The challenge before us is to promote a life-affirming public culture that dignifies, sanctifies, and protects our existence as Nigerian citizens; a disposition that prevents the casualties of warlords from becoming statistical banalities.
The great powers not only write history; they also script the headlines. The ultimate power is, after all, the ability to shape how reality is perceived.
The hegemony of the Western media means that Western perspectives and narratives understandably dominate the global consciousness. It took al
Jazeera’s emergence during the Second Gulf War to supply an alternative to the American narrative of liberating Iraq and its reportage was so vexatious that it was specifically targeted by US forces seeking to silence an alternate voice. Call it media imperialism or jingoism as journalism.

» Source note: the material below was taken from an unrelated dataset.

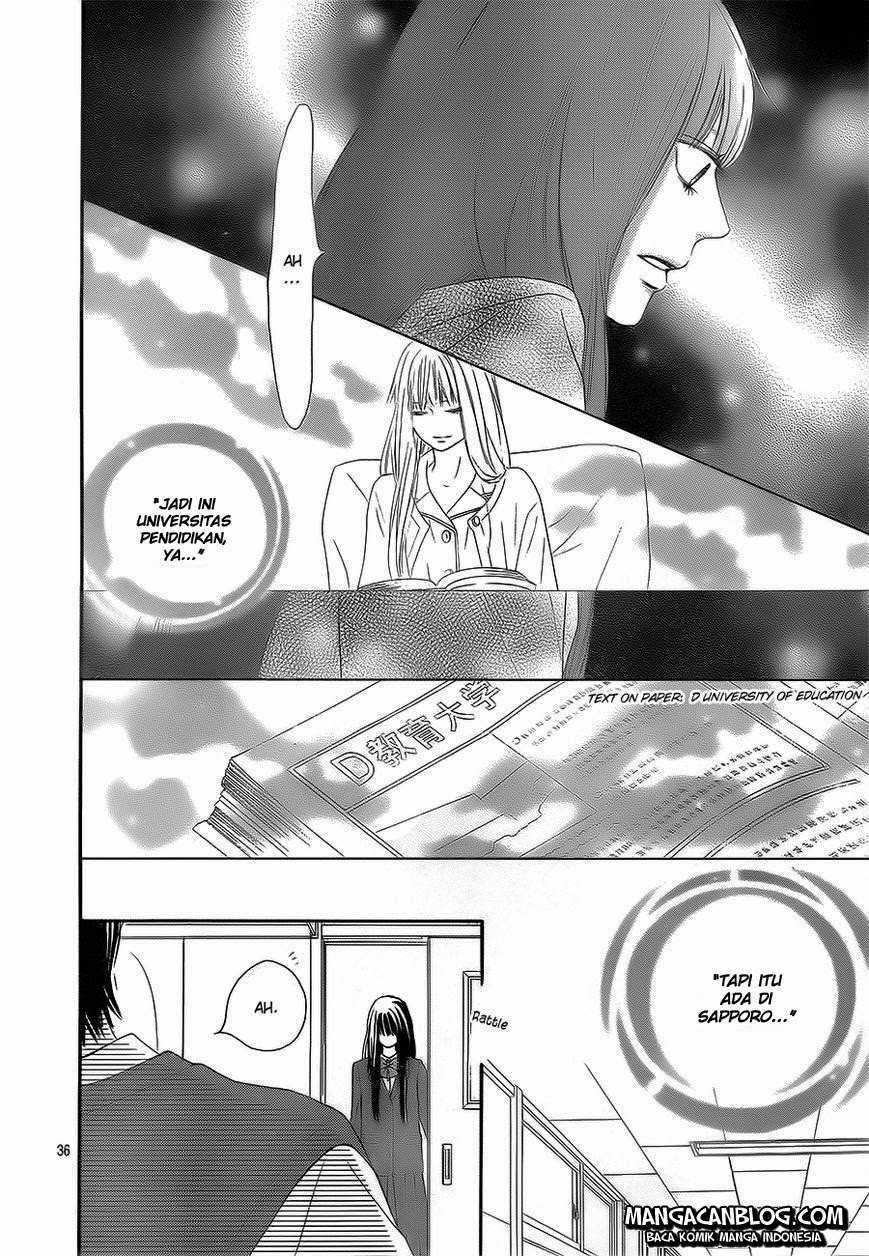 Chapter 85 - halaman 38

People tend to tell their own stories. BBC, CNN and Sky News are not going to tell our stories for us or unduly humanize us for the rest of the world. Until we have competent governments for which securing Nigerian lives is a core value; and media machines that can project our stories, narrate our tragedies and triumphs, and humanize us, this pattern of reportage that sees terrorism in Paris as shocking and terrorism in Kano as normal, will continue. This is just the way the world works.